A Dark le asombró el hecho de que siquiera hubiese una foto de la escena del crimen. En Casos especiales tomaban las máximas precauciones para mantener sus investigaciones al margen de los principales medios de comunicación. Y esa fotografía significaba que su viejo amigo Tom Riggins tenía un topo en su departamento o, al menos, un ambicioso miembro de su personal que intentaba aumentar el magro salario que recibía del gobierno. Filtrar de ese modo las fotos a la prensa no era solamente un flagrante delito, en opinión de Riggins. Eso era la clase de delito que hacía que te torturasen lentamente antes de llevarte a Guantánamo. Dark podía imaginar la reacción de Riggins ante un hecho de esa naturaleza. En ese momento sería una especie de tiburón furioso que recorría los pasillos buscando sangre.

Dark se encontró cogiendo su móvil y con el pulgar a punto de pulsar la tecla de autollamada —el número 6— que lo pondría en contacto con Riggins. Luego lo pensó mejor y arrojó el pequeño teléfono sobre la mesa de autopsias.

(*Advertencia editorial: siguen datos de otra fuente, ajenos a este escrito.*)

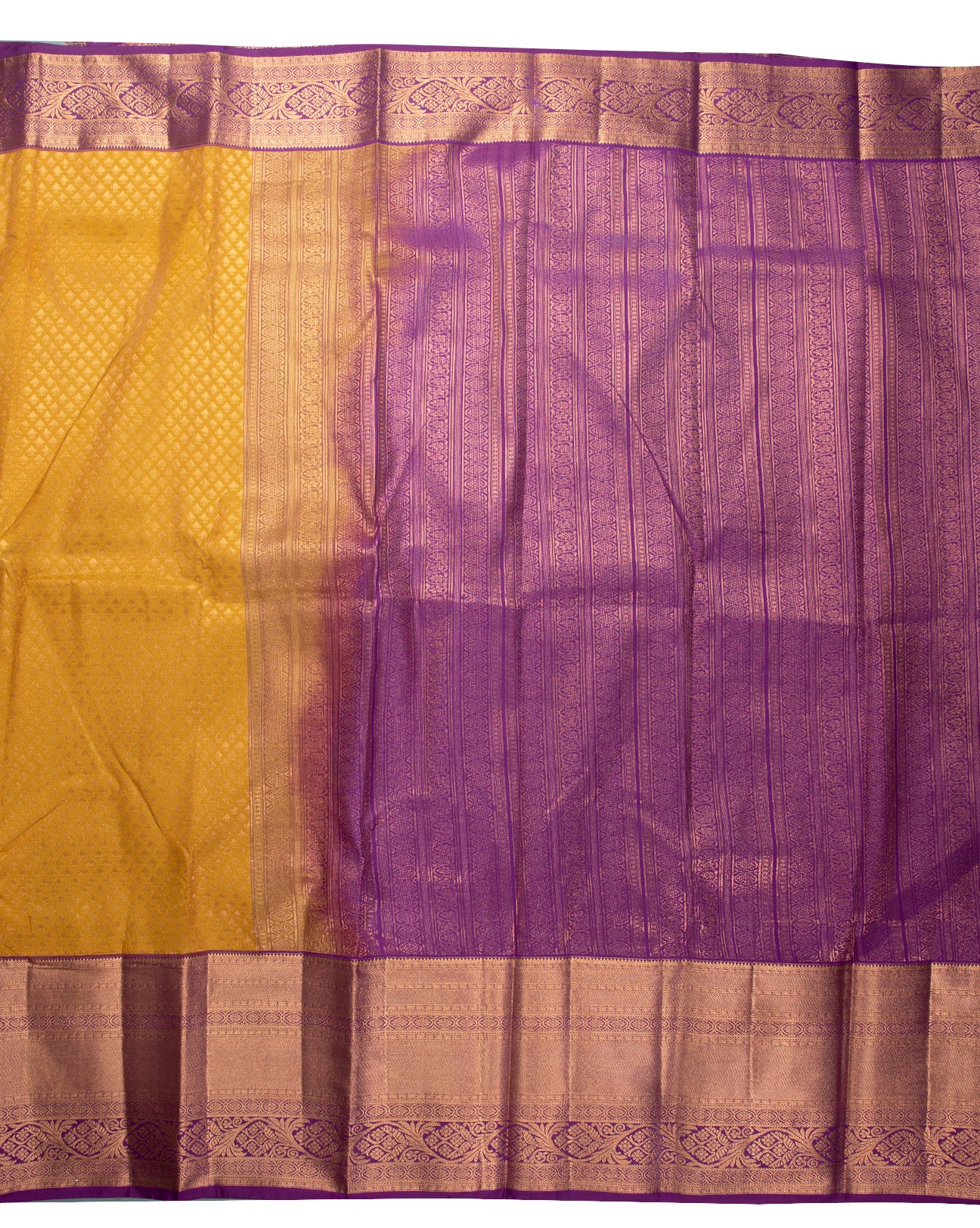 Mustard Yellow Wedding Saree - swayamvara silks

Riggins lo había dejado claro: ningún contacto. Ninguna conversación, ni siquiera una taza de café y una cordial charla sobre el tiempo. Riggins y él habían terminado.

Capítulo 11

El móvil comenzó a vibrar en su bolsillo. Dark lo cogió y reconoció el número: sus suegros, desde Santa Bárbara. Le llegó el sonido de una voz dulce y delicada.

—¿Hola…, papi?

Era su pequeña, Sibby. Llamada así por su madre, quien había muerto el día que había nacido su hija. La pequeña Sibby tenía cinco años pero, de alguna manera, parecía aún más pequeña por teléfono.

—Hola, cariño —dijo Dark con los ojos fijos aún en la imagen del hombre torturado en la pared del sótano—. ¿Cómo estás?